Начнем с живописи. Влиятельный критик Клемент Гринберг [159] считал, что цель живописи — это работа с плоскостью как природой ее [живописи] средства выражения. Он считал кульминацией истории живописи разрушение трехмерного художественного пространства и принятие абсолютной плоскости мастерами середины XX века. Художники становились своего рода учеными-исследователями, чья работа способствовала прогрессу их средства выражения, причем художественный прогресс следовало понимать так же буквально, как прогресс научный. Идеи Гринберга, в сущности, малообоснованные и связывавшие руки художникам, постепенно утратили свою значимость, но убедительных альтернатив, объясняющих суть изобразительного искусства, так и не появилось. В результате живопись (и другие виды искусства) вступили в фазу, которую философ-искусствовед Артур Данто назвал «концом искусства». Под этим он разумел не то, что произведения искусства более не могут создаваться, а то, что их нельзя продолжать рассматривать как часть истории поступательного движения к некой цели [160]. К концу семидесятых годов XX века многие художники обратились к более ранним и более репрезентативным стилям, а их картины стали не только высказываниями на некую тему, но и комментариями течений прошлого, скажем экспрессионизма, и современного вакуума истории искусства. Многие авторы вместо сути искусства начали интересоваться его историей. Похожие события разворачивались в других художественных областях, поскольку архитекторы, кинорежиссеры и писатели возвращались к истории своих дисциплин.
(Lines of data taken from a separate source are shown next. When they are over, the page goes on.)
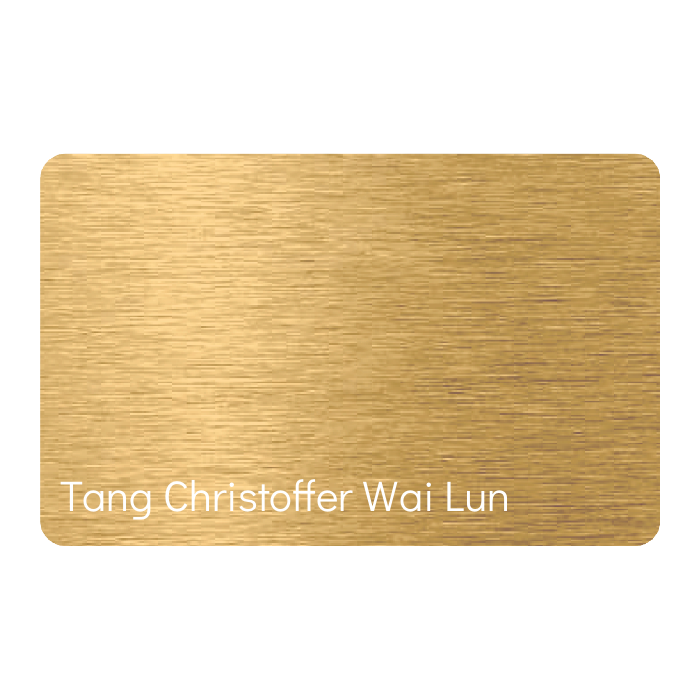 WHOSiFY NFC Business Card (Gold)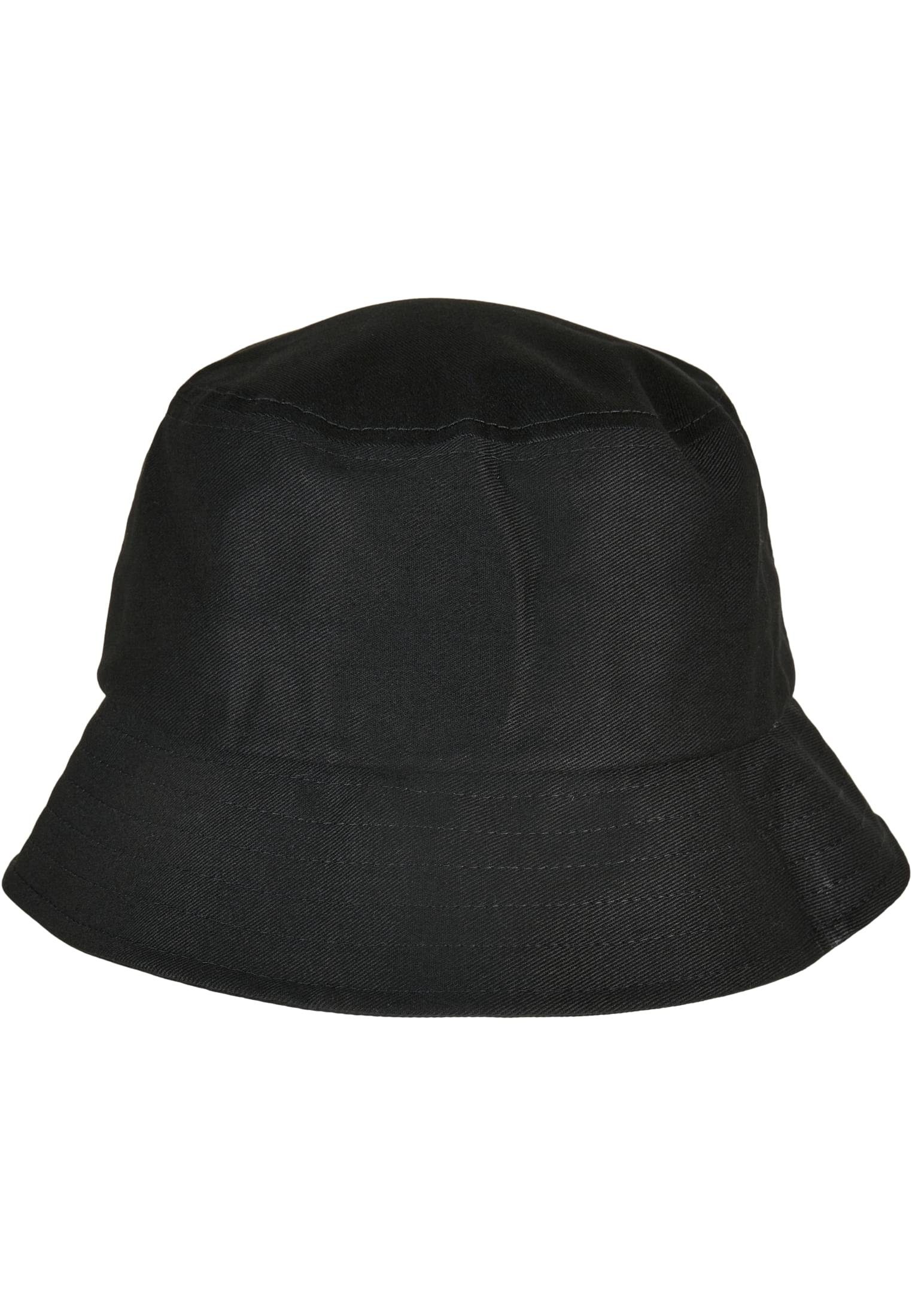 Cap Bucket Label Flex Black Basic Accessoires Starter Hat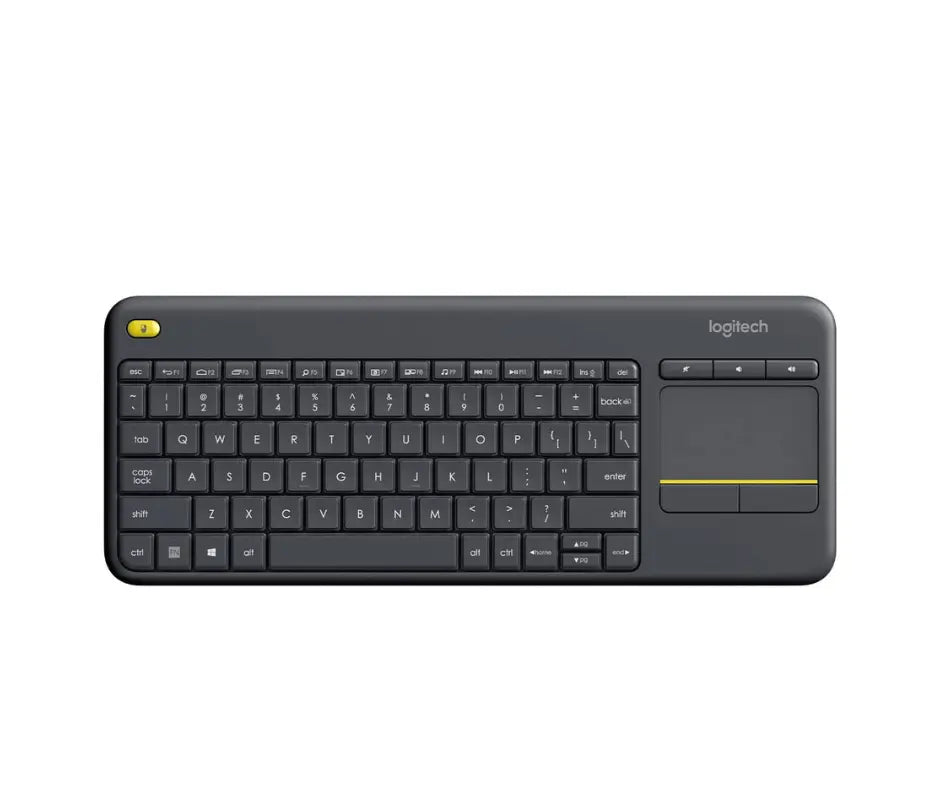 K400 | Logitech K400 Plus Wireless Touch Keyboard - Black Pak Mac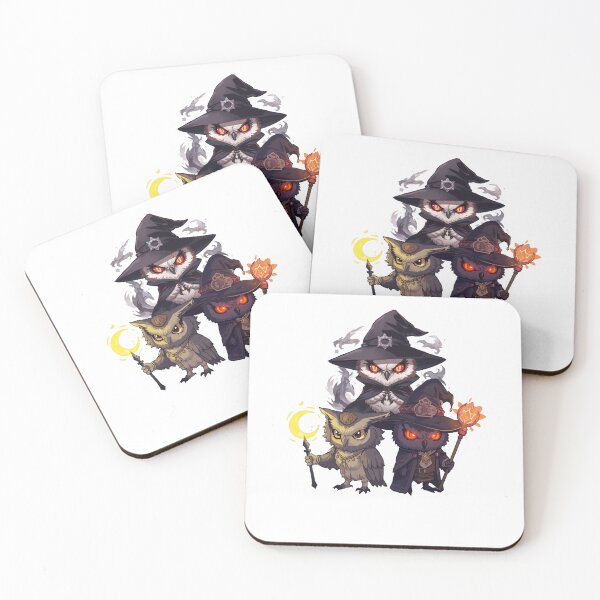 Item preview, Nightwatch Triad – The Three Arcane Owl Brothers designed and sold by Monzora.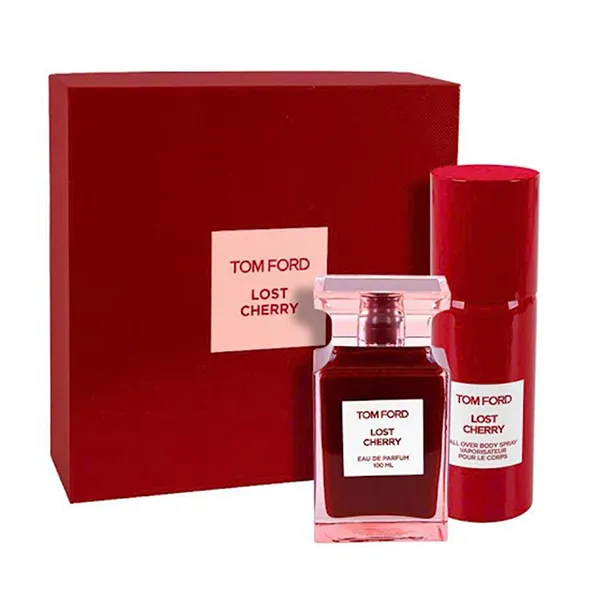 Set Nước Hoa Nữ Tom Ford TF Lost Cherry EDP 100ml + Xịt Khử Mùi 150ml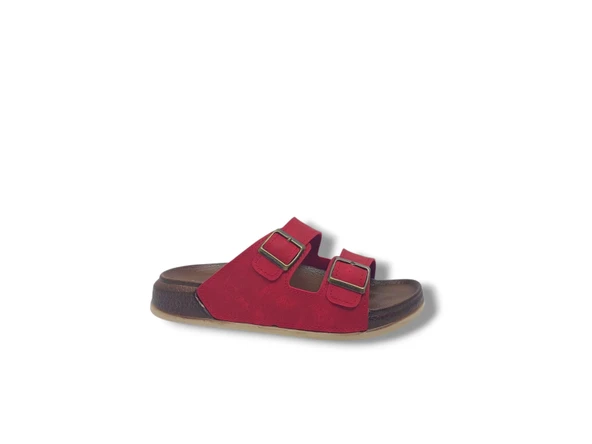 Witta 55201 Unisex Kırmızı Tokalı Günlük Kullanım Terlik ürün görseli 1
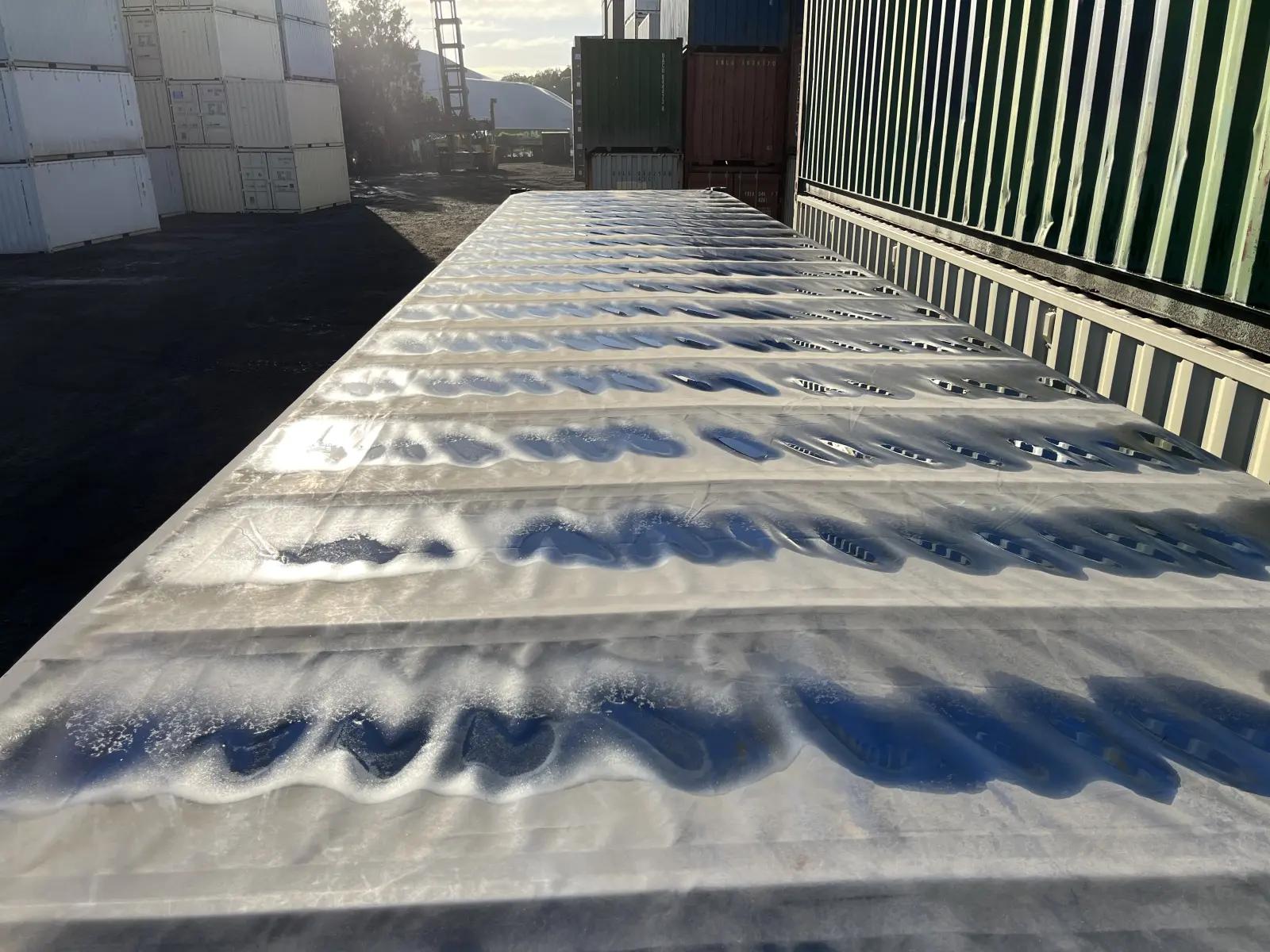 40ft High Cube Open Top Container w' Tarp And Bows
Однако живопись была не единственной областью, в которой активно ставились под сомнение давние убеждения, связанные с природой и неизбежностью прогресса.
Даже наука — символ движения вперед — оказалась под перекрестным огнем критики. Кун [161] утверждал, что (в зависимости от того, с каким из его толкователей соглашаться) либо никакого научного прогресса вообще не существует, либо если он и существует, то нет правил, определяющих, что такое прогресс и научная рациональность. Фейерабенд [162] писал, что люди, придерживающиеся в корне различающихся теорий, не способны даже понять друг друга, что исключает надежду на разумный консенсус (вместо чего он превозносил анархические достоинства подхода «все сойдет»). Ранние социологи, работавшие в области науковедения, пытались показать, что история науки — это не вдохновляющее развертывание процесса бескорыстного поиска истины, а, в сущности, история кабинетной политики, поскольку каждое важное событие в истории науки можно объяснить обращением к личным интересам и убеждениям участников [163]. И, разумеется, продолжала оспариваться идея прогресса в философии. В своих работах о Деррида [164] Ричард Рорти [165] утверждает, что всякое подобие философской истины недостижимо, не существует либо не представляет интереса и что философия как таковая — это литературный жанр, а философы должны переосмыслить себя в качестве писателей, которые совершенствуют и заново интерпретируют работы других философов. Иначе говоря, в сделанном Рорти переложении идей Деррида философам рекомендуется считать себя исторически сознательными участниками беседы, а не квазиучеными-исследователями [166]. Сам Деррида предпочитал популярный несколько лет назад метод «деконструкции», являющийся высокотехнологичным методом препарирования текстов путем вскрытия их внутренних противоречий и бессознательных мотивов. Учитывая сомнения Деррида в возможности философского прогресса, Рорти ставит вопрос, может ли деконструкция использоваться в созидательных целях, то есть не только ради философского высмеивания других работ.